(Excerpts from a dataset)
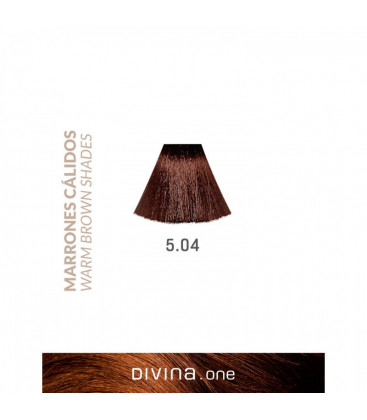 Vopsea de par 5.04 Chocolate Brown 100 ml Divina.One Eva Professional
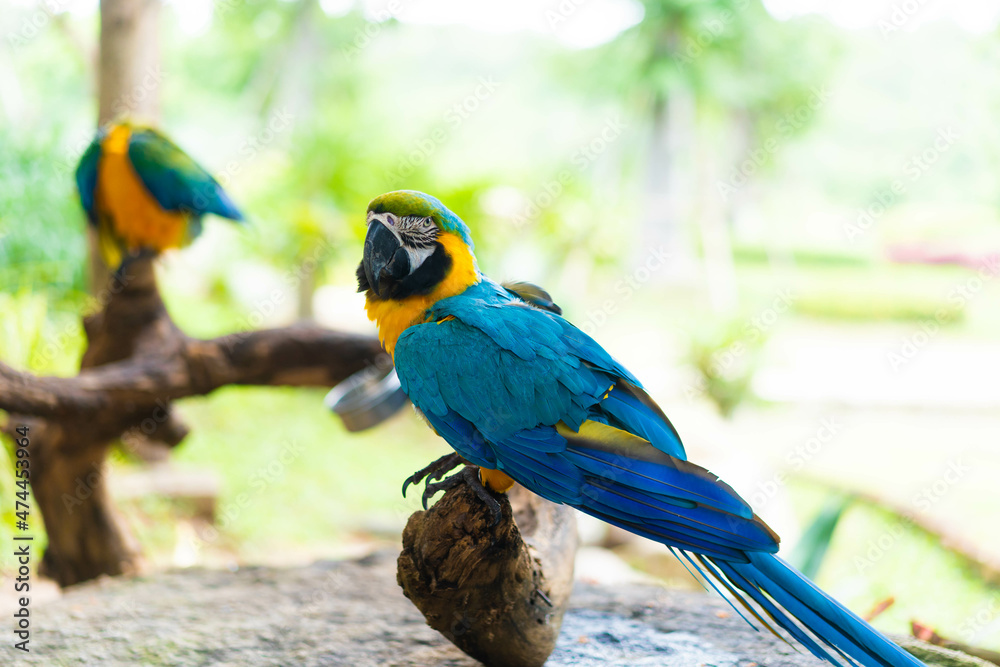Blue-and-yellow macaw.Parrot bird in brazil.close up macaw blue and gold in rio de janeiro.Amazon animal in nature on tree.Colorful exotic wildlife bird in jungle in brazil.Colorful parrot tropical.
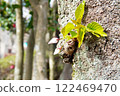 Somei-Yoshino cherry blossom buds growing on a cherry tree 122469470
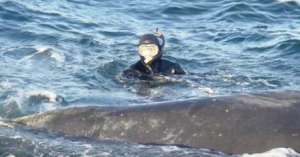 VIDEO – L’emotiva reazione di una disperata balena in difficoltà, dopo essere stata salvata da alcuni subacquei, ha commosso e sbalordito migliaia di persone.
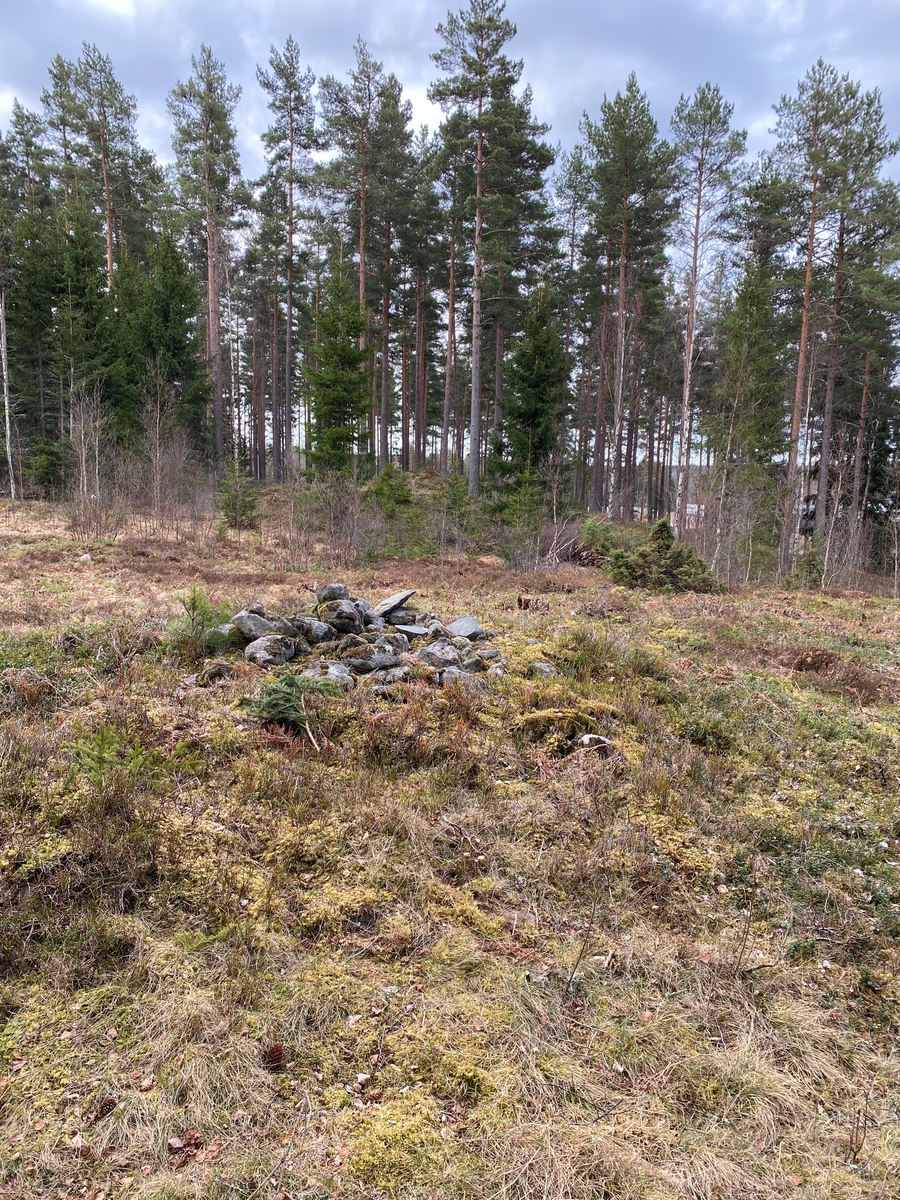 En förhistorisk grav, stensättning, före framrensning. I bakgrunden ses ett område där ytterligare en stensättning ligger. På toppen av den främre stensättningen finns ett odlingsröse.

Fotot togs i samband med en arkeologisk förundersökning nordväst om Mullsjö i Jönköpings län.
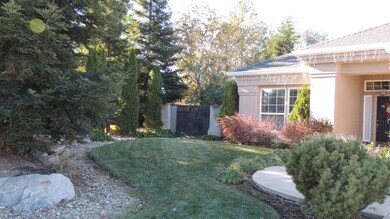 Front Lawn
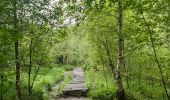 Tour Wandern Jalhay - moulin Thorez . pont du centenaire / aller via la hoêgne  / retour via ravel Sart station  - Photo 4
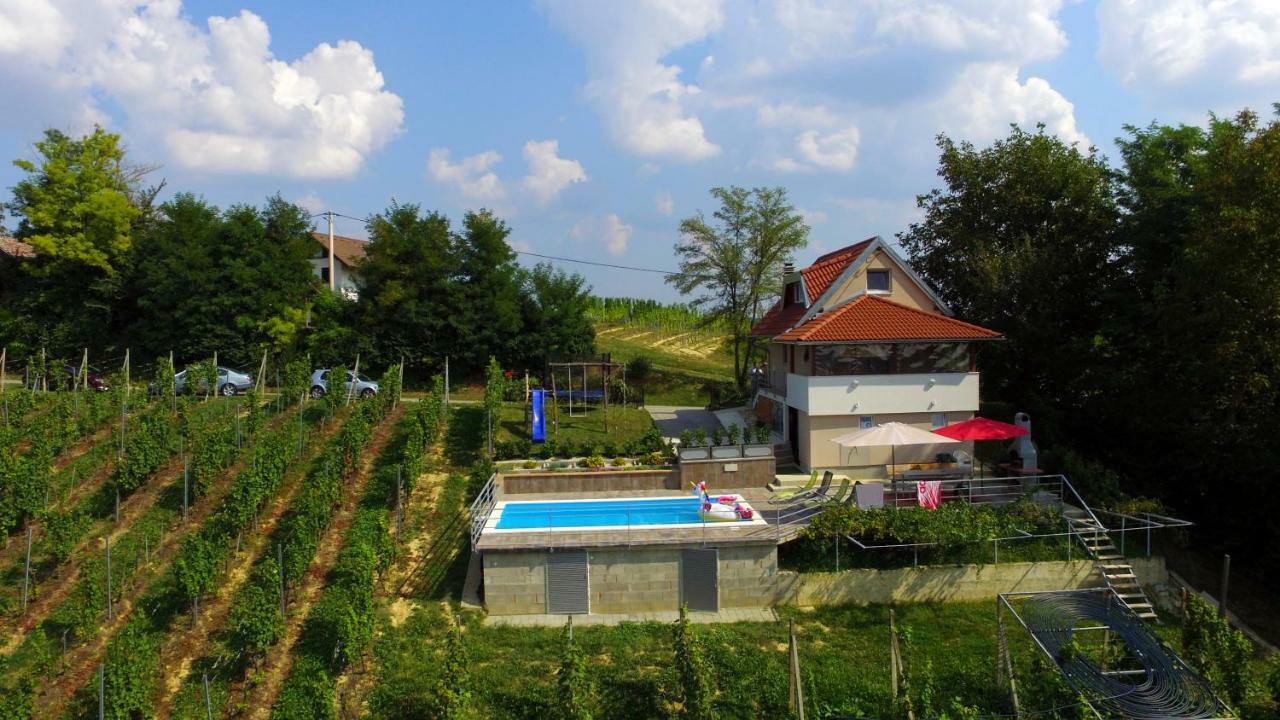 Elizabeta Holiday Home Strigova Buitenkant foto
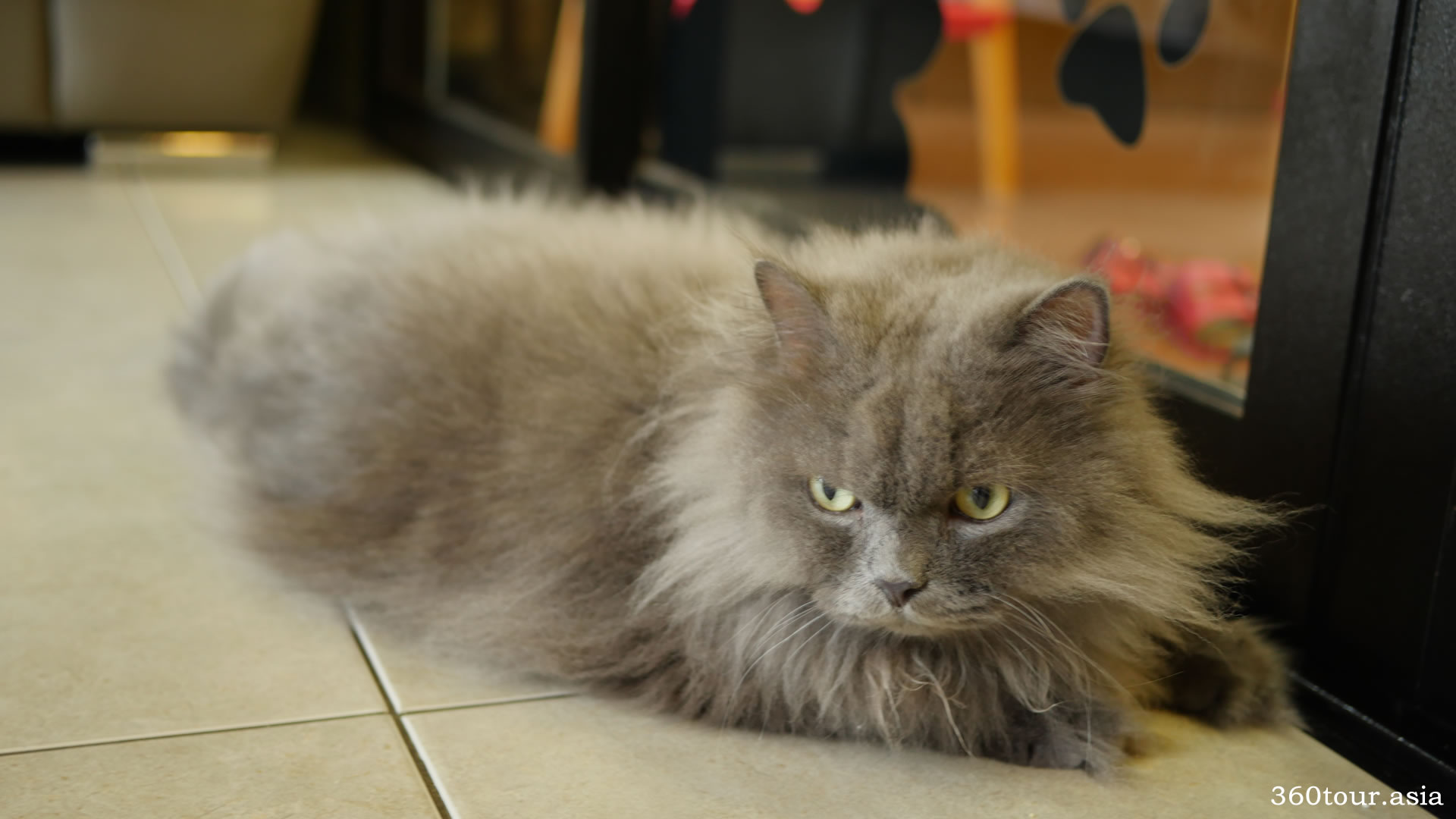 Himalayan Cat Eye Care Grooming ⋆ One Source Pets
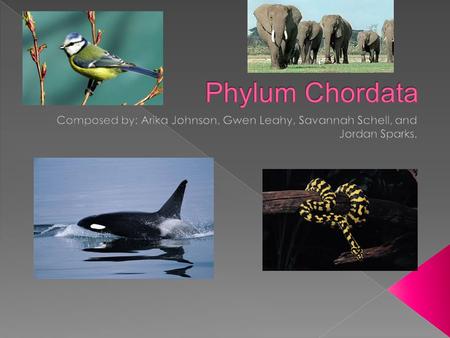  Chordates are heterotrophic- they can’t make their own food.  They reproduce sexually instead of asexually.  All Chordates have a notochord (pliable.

#### What you should do
Reproduce the data above exactly, leaving out any picture in it.

#### Result for this exercise
 Vopsea de par 5.04 Chocolate Brown 100 ml Divina.One Eva Professional
Blue-and-yellow macaw.Parrot bird in brazil.close up macaw blue and gold in rio de janeiro.Amazon animal in nature on tree.Colorful exotic wildlife bird in jungle in brazil.Colorful parrot tropical.
 Somei-Yoshino cherry blossom buds growing on a cherry tree 122469470
 VIDEO – L’emotiva reazione di una disperata balena in difficoltà, dopo essere stata salvata da alcuni subacquei, ha commosso e sbalordito migliaia di persone.
 En förhistorisk grav, stensättning, före framrensning. I bakgrunden ses ett område där ytterligare en stensättning ligger. På toppen av den främre stensättningen finns ett odlingsröse.

Fotot togs i samband med en arkeologisk förundersökning nordväst om Mullsjö i Jönköpings län.
 Front Lawn
 Tour Wandern Jalhay - moulin Thorez . pont du centenaire / aller via la hoêgne  / retour via ravel Sart station  - Photo 4
 Elizabeta Holiday Home Strigova Buitenkant foto
 Himalayan Cat Eye Care Grooming ⋆ One Source Pets
  Chordates are heterotrophic- they can’t make their own food.  They reproduce sexually instead of asexually.  All Chordates have a notochord (pliable.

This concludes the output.